The per-capita American use of petroleum is probably unsustainable in the long run, while right now our profligacy means sending dollars to terrorist abettors who wind up helping to kill Americans. In 1970 we could say that the market could, if necessary, “correct” the American idea of driving a 7,000 pound, 13 mile-per-gallon gas hog by a simple increase in the gas price. Of course, it can and will do that eventually, but in the meantime a lot of American dollars are going to the wrong people at the wrong time and making energy a question of national security rather than market economics.
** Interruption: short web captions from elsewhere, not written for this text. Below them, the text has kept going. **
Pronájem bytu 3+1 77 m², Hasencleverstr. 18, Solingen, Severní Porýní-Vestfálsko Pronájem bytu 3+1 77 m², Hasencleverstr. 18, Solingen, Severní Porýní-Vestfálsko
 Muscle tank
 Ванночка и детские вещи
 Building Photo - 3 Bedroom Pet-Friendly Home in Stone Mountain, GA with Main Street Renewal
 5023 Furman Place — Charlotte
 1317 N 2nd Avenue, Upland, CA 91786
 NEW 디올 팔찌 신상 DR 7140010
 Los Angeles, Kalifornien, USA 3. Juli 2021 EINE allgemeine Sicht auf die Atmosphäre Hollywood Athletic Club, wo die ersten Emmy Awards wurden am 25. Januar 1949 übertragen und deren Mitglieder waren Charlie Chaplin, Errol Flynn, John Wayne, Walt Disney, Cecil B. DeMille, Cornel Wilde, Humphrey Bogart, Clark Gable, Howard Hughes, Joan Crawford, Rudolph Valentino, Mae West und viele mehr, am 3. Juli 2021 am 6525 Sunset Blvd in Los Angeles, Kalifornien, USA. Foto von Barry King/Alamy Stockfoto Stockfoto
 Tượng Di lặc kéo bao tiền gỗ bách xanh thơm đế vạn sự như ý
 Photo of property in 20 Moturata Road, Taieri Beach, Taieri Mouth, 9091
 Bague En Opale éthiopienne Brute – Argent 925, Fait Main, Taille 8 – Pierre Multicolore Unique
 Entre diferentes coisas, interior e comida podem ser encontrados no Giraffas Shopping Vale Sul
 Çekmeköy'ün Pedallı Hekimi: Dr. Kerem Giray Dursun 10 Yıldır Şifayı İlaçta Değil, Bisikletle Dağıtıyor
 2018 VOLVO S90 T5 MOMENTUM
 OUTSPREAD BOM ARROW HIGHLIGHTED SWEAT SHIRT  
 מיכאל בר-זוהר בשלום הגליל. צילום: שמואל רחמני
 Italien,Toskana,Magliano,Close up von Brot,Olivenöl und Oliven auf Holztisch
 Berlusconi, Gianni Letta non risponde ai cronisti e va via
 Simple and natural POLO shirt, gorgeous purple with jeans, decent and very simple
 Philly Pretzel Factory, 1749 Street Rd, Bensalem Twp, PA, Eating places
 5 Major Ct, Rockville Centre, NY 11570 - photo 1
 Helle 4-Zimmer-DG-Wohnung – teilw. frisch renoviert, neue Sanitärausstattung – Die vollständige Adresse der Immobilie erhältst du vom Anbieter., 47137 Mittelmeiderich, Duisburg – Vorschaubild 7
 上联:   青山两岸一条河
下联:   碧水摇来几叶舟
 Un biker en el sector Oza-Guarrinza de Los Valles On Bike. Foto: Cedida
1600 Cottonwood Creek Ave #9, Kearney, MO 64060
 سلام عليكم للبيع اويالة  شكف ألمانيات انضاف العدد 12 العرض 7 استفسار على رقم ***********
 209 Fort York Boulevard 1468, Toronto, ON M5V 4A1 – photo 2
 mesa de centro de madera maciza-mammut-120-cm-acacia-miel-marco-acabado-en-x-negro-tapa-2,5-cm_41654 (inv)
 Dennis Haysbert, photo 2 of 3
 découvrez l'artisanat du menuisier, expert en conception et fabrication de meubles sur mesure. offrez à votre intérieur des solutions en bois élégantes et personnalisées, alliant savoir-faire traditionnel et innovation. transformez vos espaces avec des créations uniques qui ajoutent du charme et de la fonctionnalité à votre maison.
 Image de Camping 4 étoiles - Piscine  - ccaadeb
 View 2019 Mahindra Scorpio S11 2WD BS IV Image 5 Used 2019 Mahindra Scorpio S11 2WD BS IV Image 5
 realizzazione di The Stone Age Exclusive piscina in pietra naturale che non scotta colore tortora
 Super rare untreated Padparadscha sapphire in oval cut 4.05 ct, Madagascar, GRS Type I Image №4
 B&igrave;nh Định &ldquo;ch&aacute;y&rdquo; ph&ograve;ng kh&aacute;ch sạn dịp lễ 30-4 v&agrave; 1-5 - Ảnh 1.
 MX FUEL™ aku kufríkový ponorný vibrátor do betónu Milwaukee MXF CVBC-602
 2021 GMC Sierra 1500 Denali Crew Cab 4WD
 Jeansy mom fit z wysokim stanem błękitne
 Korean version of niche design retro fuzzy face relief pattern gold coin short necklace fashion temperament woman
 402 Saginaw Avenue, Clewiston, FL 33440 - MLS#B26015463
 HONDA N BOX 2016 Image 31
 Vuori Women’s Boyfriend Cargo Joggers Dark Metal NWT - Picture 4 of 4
More important, we are losing some of the competitiveness and domestic material production that allows us the cash to pay for our imported petroleum. So a renewed policy that ties necessary drilling in the Arctic and nuclear power to fuel efficiency and conservation offers a lot of political room for future candidates, especially if couched not in green rhetoric but in hard-headed terms of America’s national security. It will be interesting to see whether the Right embraces conservation before the Left sees the need for increased energy production; but the first to combine the two approaches will gain the greater political advantage.

Most Americans do not trust the Democratic party’s foreign policy, its commitment to a government-mandated equality of result rather than of opportunity, and its divisive identity politics that seek to cobble together angry interest groups — radical gay activists, ossified D.C. civil-rights insiders, abortion-rights advocates, and Moveon.org types who distrust the United States — in lieu of a grassroots national majority. Yet even such political self-destructiveness does not necessarily mean that the Democrats cannot regain the presidency even without a centrist candidate like Zell Miller or Joe Lieberman. In 2008, we could see another splintering of conservatives as happened in 1992 and 1996. A sober, stable Ross Perot-like national populist could well siphon off discontents — perhaps 5 to 7 percent of the conservative electorate — furious about immigration, deficits, and a sense of American financial impotence abroad.

In response, a liberal triangulating Clintonian — and there is one still left — could suddenly talk about sober spending limits, faith-based initiatives, the need to enforce immigration laws, moderation on abortion, American energy independence, and an end to unnecessary corporate subsidies, and win by capturing 45 percent of the voters.

If we are at peace in 2008, then perhaps such a change of politics might seem for many to be irrelevant. But if we are not, it could prove disastrous — in the manner that a President Gore after 9/11 most surely would have been.